When patients in mental health crises get stuck in Minnesota's emergency rooms, they stay 25 hours longer on average than necessary — taking up hospital space as well as the time of doctors and nurses, who could otherwise focus on the next emergencies.
Researchers documented the length of these delays by studying patient activity over 14 days last fall at more than 30 Minnesota hospitals, but they also provided vital evidence about which patients were most likely to suffer delays, and why.
Knowing which patients are at risk can help the state come up with treatments that target this population and prevent mental health crises and hospital visits, said Kristin Dillon, a coauthor from Wilder Research, which released the report Monday with the Minnesota Department of Health.
Delays for patients "in a hospital setting when they can be discharged is harmful to patients, caregivers, hospital staff and the health care system," she said. "However, we cannot take steps to effectively address these discharge delays without understanding the underlying reasons behind the delays."
Monday's findings were presented to an advisory council created last year to reduce delays in care and the worsening problem of ER and hospital overcrowding in Minnesota.
Staffing and bed shortages at nursing homes and rehabilitation centers have worsened since the COVID-19 pandemic, leaving hospitals stuck with frail, elderly patients on their inpatient floors.

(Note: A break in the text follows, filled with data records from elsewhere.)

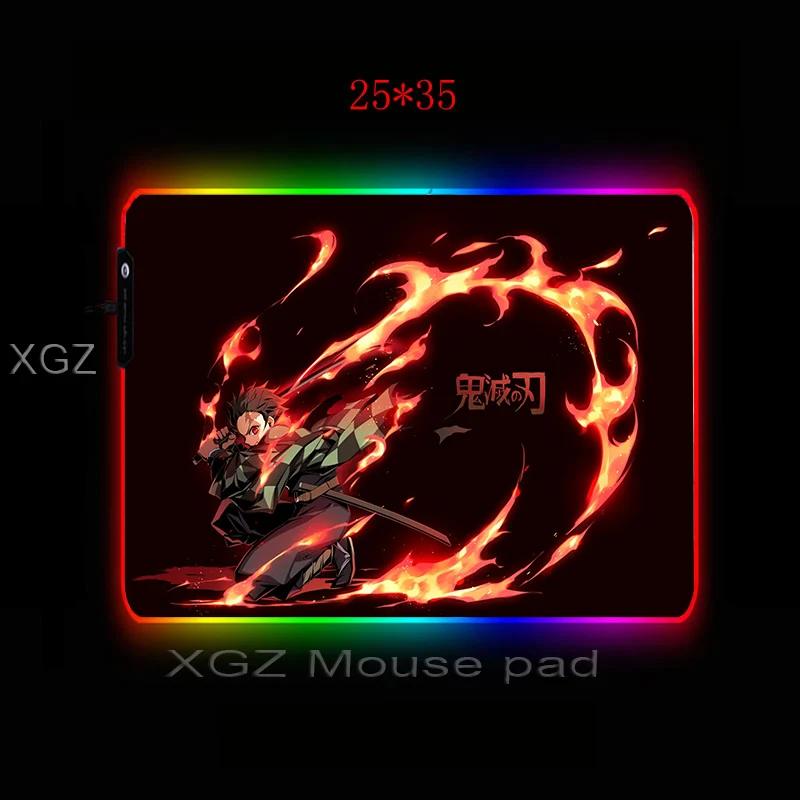 XGZ популярный аниме демон убийца Kimetsu No Yaiba большой RGB коврик для мыши Черный кант компьютерный стол коврик скорость резиновый нескользящий ковер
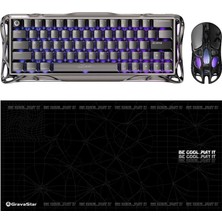 Belirtilmemiş Gravastar V60 Manyetik Kablolu Klavye, Xpro Kablosuz Optik Mouse Mousepad Seti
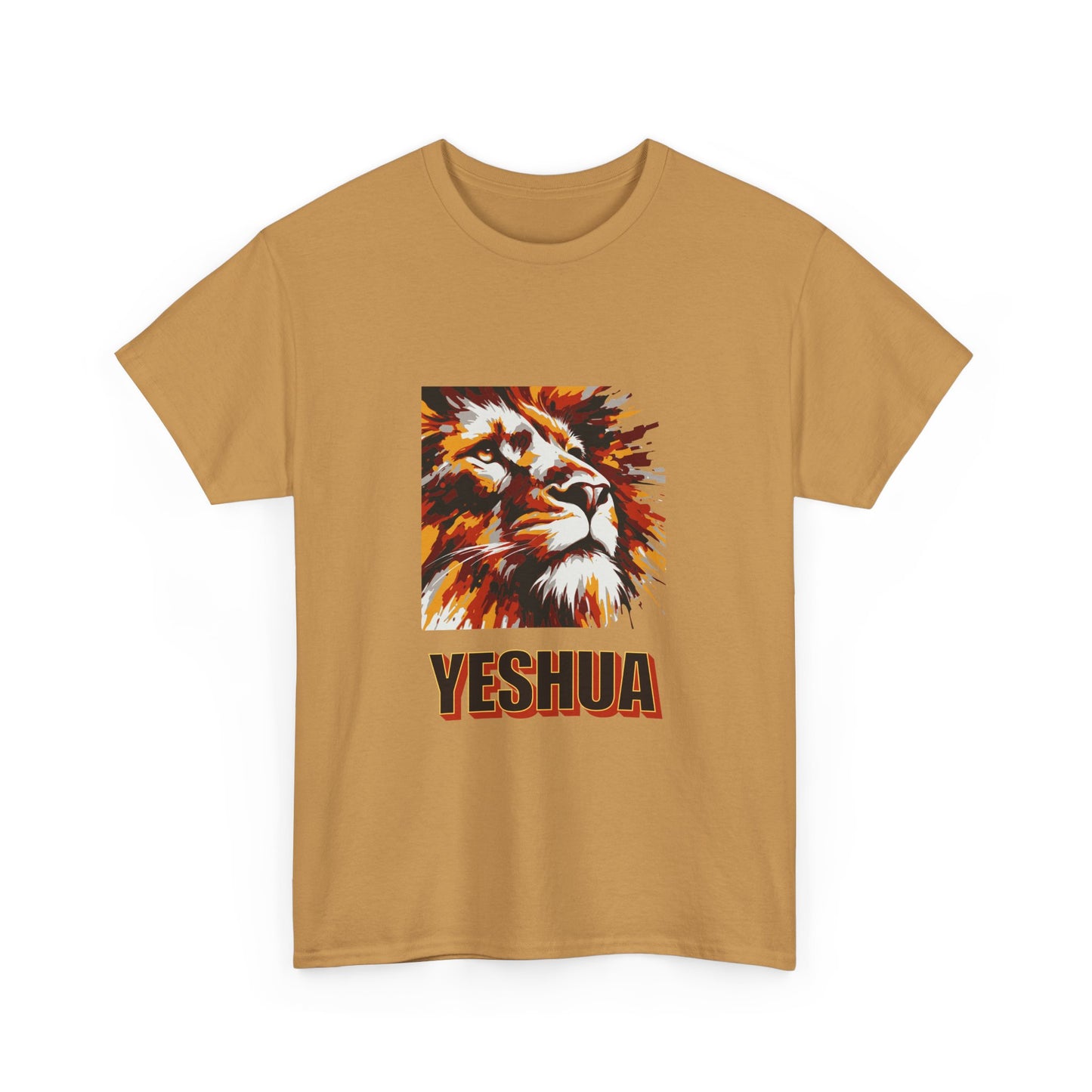 YESHUA - a warmly coloured t shirt with an abstract painting of a lion Inspirational- Creative & Unique Design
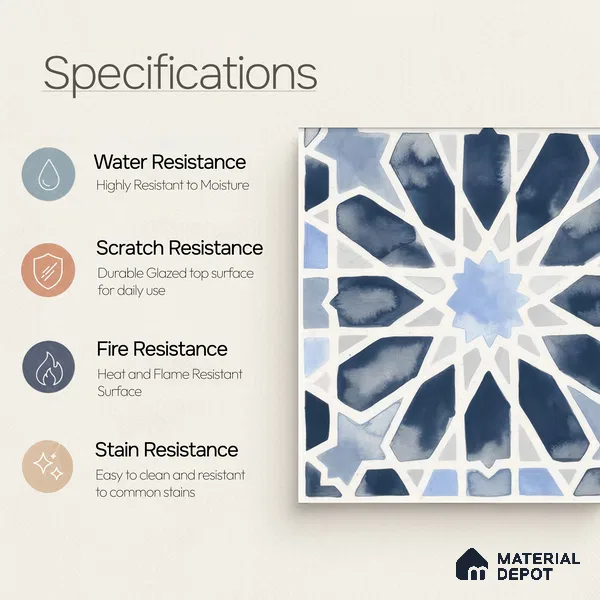 Moroccan Wall & Floor Tile TL 04799 Zellige Blue Crystal Salta Multi Colour 1 ft x 1 ft Porcelain Matte Finish - 11 mm | Suitable for Kitchen, Bathroom, Balcony | Please Expect a Slight Variation of Pattern
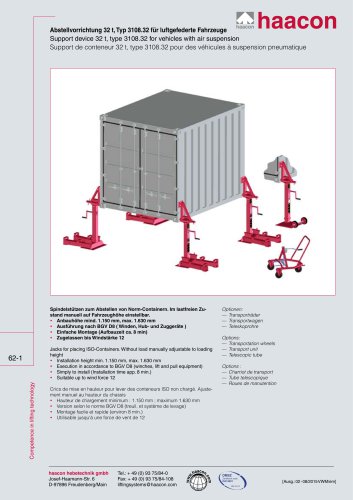 Support device 32 t, type 3108.32 for vehicles with air suspension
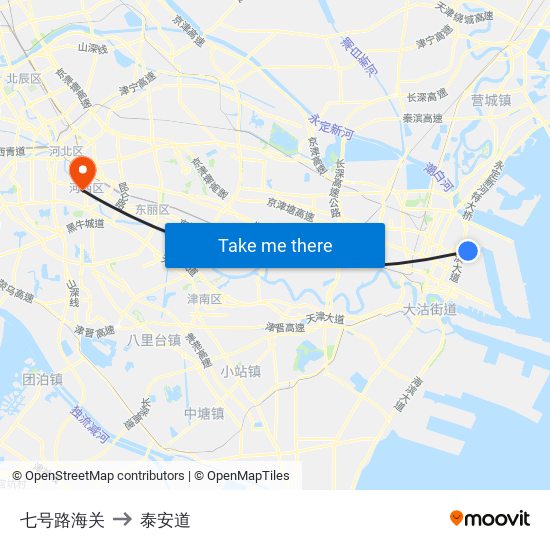 七号路海关 to 泰安道 map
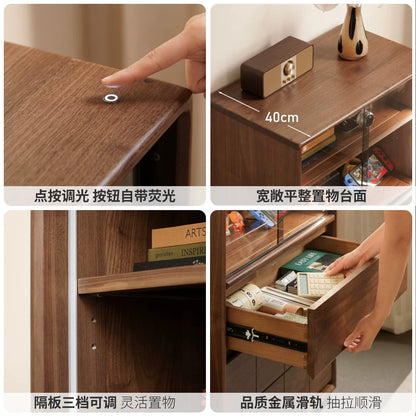 实木边柜客厅现代简约收纳储物柜黑胡桃木落地带灯展示柜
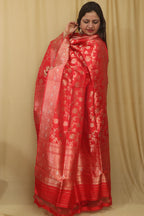 Exquisite Red Banarasi Handloom Pure Katan Silk Dupatta - Luxurion World- Crafted Heirlooms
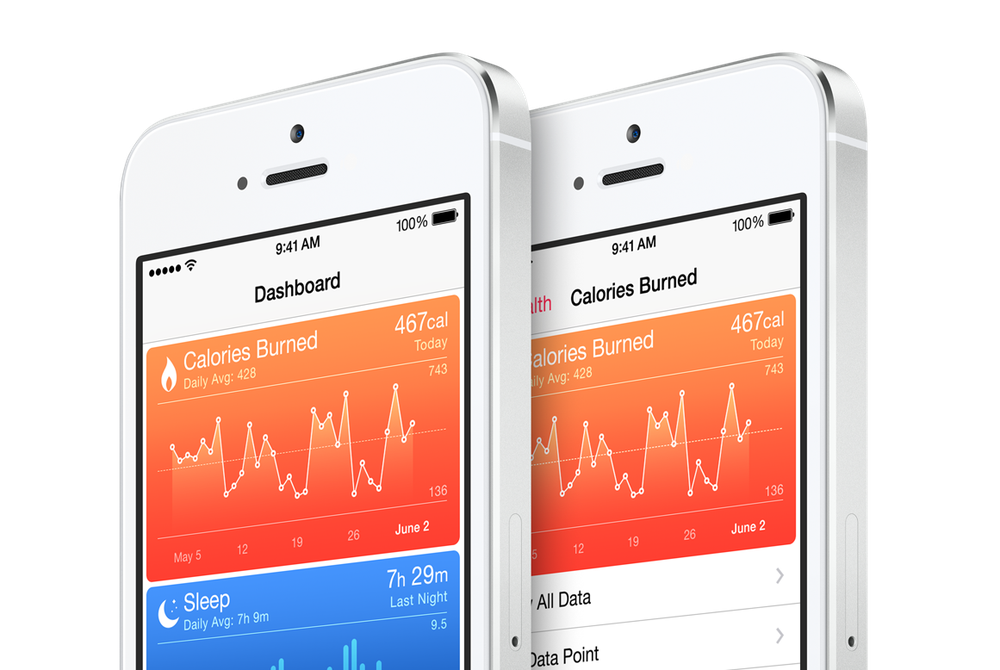 Image of iPhones showing data visualizations from the Health app.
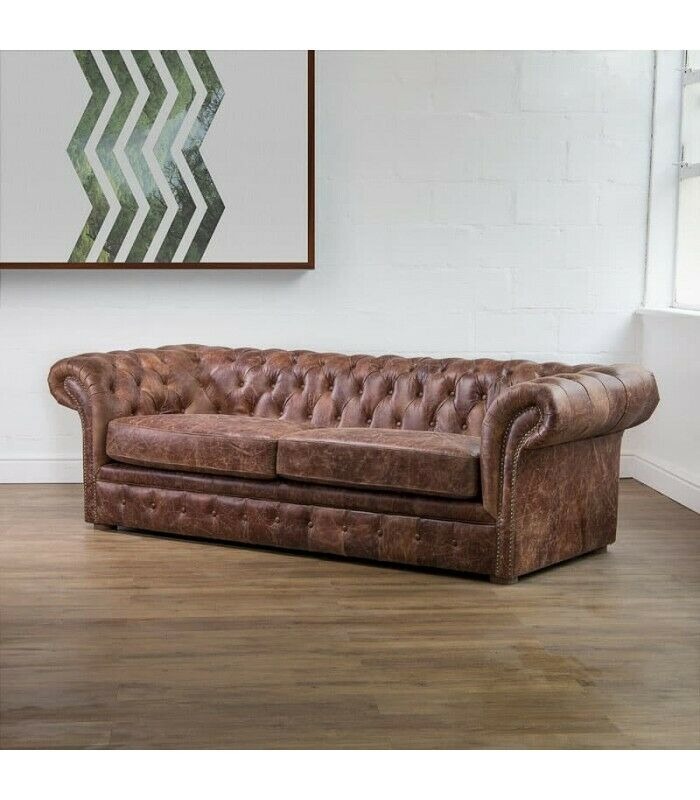 Braun Chesterfield 3 Sitzer Klassische Luxus Barock Sofa Textil Leder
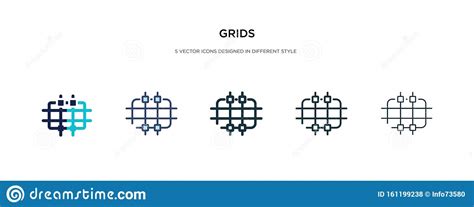 Grids Icon In Different Style Vector Illustration Two Colored And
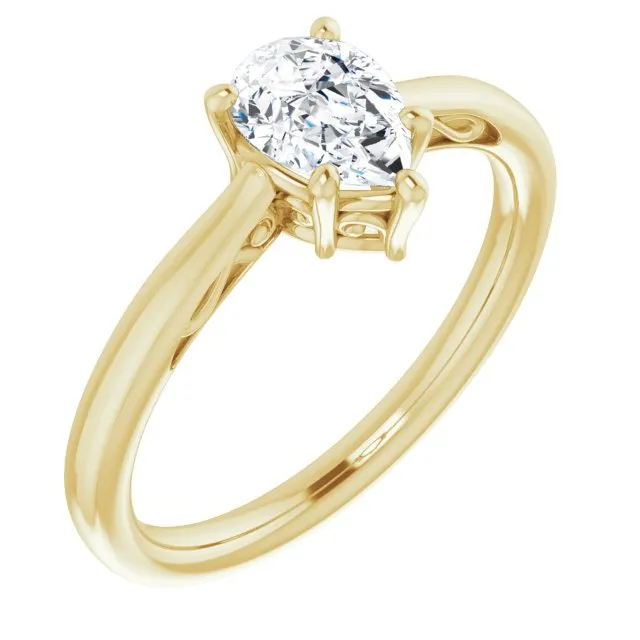Cubic Zirconia Engagement Ring- The Abbey Ro (Customizable Pear Cut Solitaire with 'Incomplete' Decorations)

Twin Cities ERs have treated patients in hallway gurneys at peak times when they have run out of beds. But these delays in many ways compounded the longstanding problem of patients in mental health crises being boarded in ERs with nowhere to go.
Hospital inpatient psychiatric units were largely full during the study, and they couldn't take new patients from ERs until they found space to discharge their existing patients to residential or outpatient treatment programs. The study observed 182 patients in hospital psychiatric units whose discharges were delayed, and on average it took eight days longer than necessary to move them.
The problem was more complex than patients waiting for openings in treatment programs, though. One in five patients stuck in inpatient units was delayed by court decisions over civil commitments, or decisions over their eligibility for insurance benefits or waiver programs, the study showed.
Among patients stuck in ERs, only six in 10 needed inpatient hospital care. The rest were stuck for other reasons, including delays in arranging transportation home or in getting outpatient care lined up. A third of the delayed patients went straight home from the ERs.
M Health Fairview has been confronting the problem, opening a so-called EmPATH unit at its hospital in Edina that provides a relaxed environment and transitional care for patients who can be moved from the ER. The health system also is partnering with for-profit Acadia Healthcare to reopen the Bethesda Hospital campus in St. Paul as a psychiatric facility next year.
In some ways, the delays published in the report underestimated the problem. Delays were only calculated for patients who were discharged during the two-week study. About 5% of the ER patients had yet to be discharged by the end, and some spent the entire two weeks in care. Some hospitals have endured extreme cases, such as the boarding of a child with behavioral problems for months at Ridgeview Medical Center in Waconia.
State lawmakers were so concerned by the delays in 2022 that they waived Minnesota's hospital construction moratorium through 2027 for any provider looking to add psychiatric capacity. However, the study makes it clear that the greatest need is in community and preventive treatment programs that keep people from crises, said Dr. Will Nicholson, vice president of medical affairs for Fairview's East Metro hospitals.
"We can take better care of people when we can prevent illness, we can get upstream," he said.
Minnesota has been locked for two decades in a chicken-egg debate about whether to spend limited dollars on more inpatient beds, or preventive programs to try to reduce the need for those beds. State health economists blocked a proposal in 2008 by then-named Prairie St. John's to build a psychiatric hospital in Woodbury, based largely on the argument that prevention programs were more needed. The provider later became known as PrairieCare and built and expanded a pediatric psychiatric hospital in Brooklyn Park.
More beds aren't the only solution at a time of workforce shortages, said Sue Abderholden, who directs the Minnesota chapter of the National Alliance on Mental Illness. Minnesota previously tackled the mental health treatment shortage by creating a stepdown level of care called intensive residential treatment services to ease the pressure on hospitals. The state has about 60 of them operating, but many can't find enough staff and are operating well below their 16-bed capacities, she said.
The legislature this year OK'd funding for counselors who could check on patients who were showing the first signs of struggling — perhaps by skipping medication doses or appointments, Abderholden said. "We're trying to get way before a crisis, before you need an ER, before you need a crisis team."